The costs of stroke care are expected to rise rapidly in the next decades, unless improvements in stroke care to reduce the disabling effects of strokes can be successfully developed and implemented [ 14 ]. Here, we briefly describe the Monash LHS framework (Fig.  1 ) [ 2 , 6 , 7 ] and outline an exemplar case in order to demonstrate how to apply evidence-based processes to healthcare improvement and embed real-world research for optimising healthcare. The Australian LHS exemplar in stroke care has driven nationwide improvement in stroke care since 2007.

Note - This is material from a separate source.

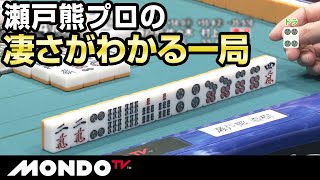 瀬戸熊プロの凄さがわかる一局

An evidence-based Learning Health System framework

In Australia, members of this author group (HT, AJ, JE) have rigorously co-developed an evidence-based LHS framework, known simply as the Monash LHS [ 7 ]. The Monash LHS was designed to support sustainable, iterative and continuous robust benefit of improved clinical outcomes. It was created with national engagement in order to be applicable to Australian settings. Through this rigorous approach, core LHS principles and components have been established (Fig.  1 ). Evidence shows that people/workforce, culture, standards, governance and resources were all key to an effective LHS [ 2 , 6 ]. Culture is vital including trust, transparency, partnership and co-design. Key processes include legally compliant data sharing, linkage and governance, resources, and infrastructure [ 4 ]. The Monash LHS integrates disparate and often siloed stakeholders, infrastructure and expertise to ‘Learn Together for Better Health’ [ 7 ] (Fig.  1 ). This integrates (i) evidence from community and stakeholders including priority areas and outcomes; (ii) evidence from research and guidelines; (iii) evidence from practice (from data) with advanced analytics and benchmarking; and (iv) evidence from implementation science and health economics. Importantly, it starts with the problem and priorities of key stakeholders including the community, health professionals and services and creates an iterative learning system to address these. The following case study was chosen as it is an exemplar of how a Monash LHS-aligned national stroke program has delivered clinical benefit.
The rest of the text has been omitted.